At West Cove I have been lucky enough to stay with the man who knows the west of Ireland in its present life and its past history better perhaps than any living soul. In the great plot where cars draw up outside his door, great plants of Arum lilies shoot up and flourish, blooming luxuriantly in spring. They say that in Valentia an improving gardener thought them too profuse in the Knight of Kerry's garden, and pitched the roots out over the cliffs; but some caught on ledges, fastened there, and sent up white lilies in niches of the crags—so kind is that soft air.

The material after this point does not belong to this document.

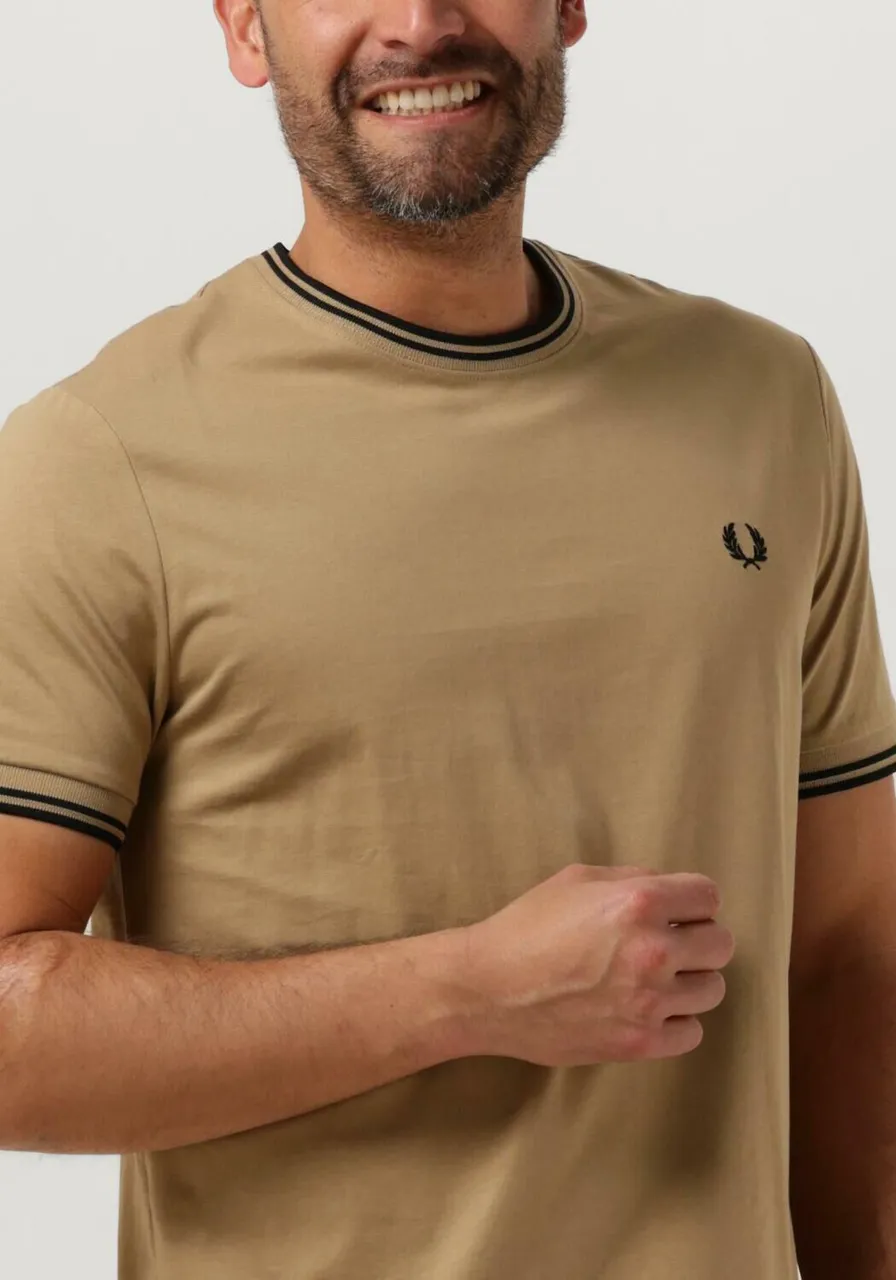 FRED PERRY Heren Polo's & T-shirts Twin Tipped T-shirt - Khaki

Two or three miles beyond West Cove is the village of Caherdaniel and under it comes in Darrynane Bay, on whose shore is a little hotel, simple enough, but friendly; lying among Irish fisher folk who gather of a summer evening to dance on the crisp turf that covers the sand. Beside it is a small wood, and in the wood is Darrynane, a place of pilgrimage, for here O'Connell lived and here his descendants remain. The case of the O'Connells was typical. Driven by Cromwell out of the fertile lands of Limerick they took root among the mountains of Kerry and of Clare. The builder of Darrynane—that is of the original habitation—was a Daniel or Donal who married a daughter of the O'Donoghues—another great Kerry clan. This lady—MÁire Dubh—was a fruitful mother of children—she bore twenty-two of them and brought twelve to full age; but she was also notable as a poetess in the Irish tongue. Her second son, Maurice, inherited Darrynane, and was known all over the country as Hunting Cap O'Connell, for a tax was put on beaver hats, and from that day he wore nothing but the velvet cap in which he was used to hunt hare and fox on the mountains of Iveragh. Daniel O'Connell, his nephew, was a great votary of that sport, and I have talked with a man who had hunted in his company. And still in autumn you may see the harriers out on these hills and a namesake and descendant of his hallooing them on.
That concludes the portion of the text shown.